**About this task**
From the entries below, write out exactly the lines between the line holding "Gdzie zjeść tanio" and the line holding "Anna Janßen (Zweite", inclusive, excluding any pictures.

**Provided information**
<<<<
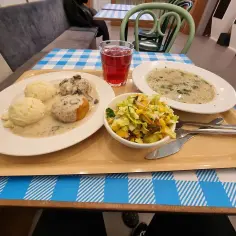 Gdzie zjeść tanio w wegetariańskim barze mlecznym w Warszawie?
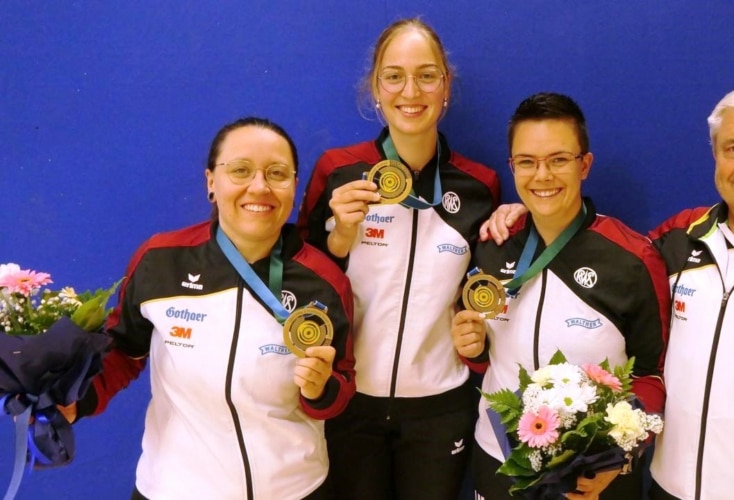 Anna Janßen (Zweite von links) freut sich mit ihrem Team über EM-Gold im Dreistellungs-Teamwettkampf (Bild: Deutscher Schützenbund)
>>>>
<<<<
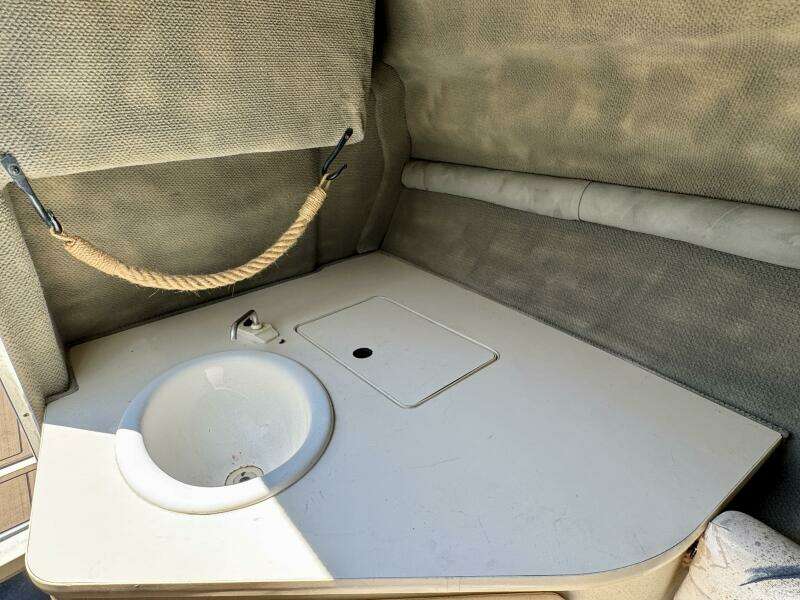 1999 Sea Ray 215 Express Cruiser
>>>>
<<<<
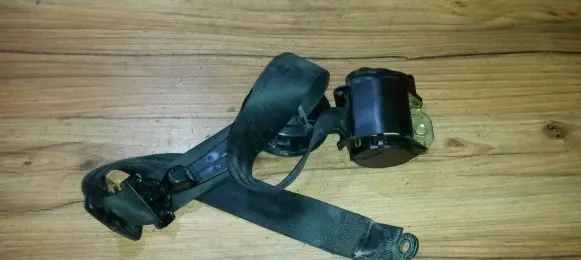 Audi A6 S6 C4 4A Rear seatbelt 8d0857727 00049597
>>>>
**Answer below**
 Gdzie zjeść tanio w wegetariańskim barze mlecznym w Warszawie?
 Anna Janßen (Zweite von links) freut sich mit ihrem Team über EM-Gold im Dreistellungs-Teamwettkampf (Bild: Deutscher Schützenbund)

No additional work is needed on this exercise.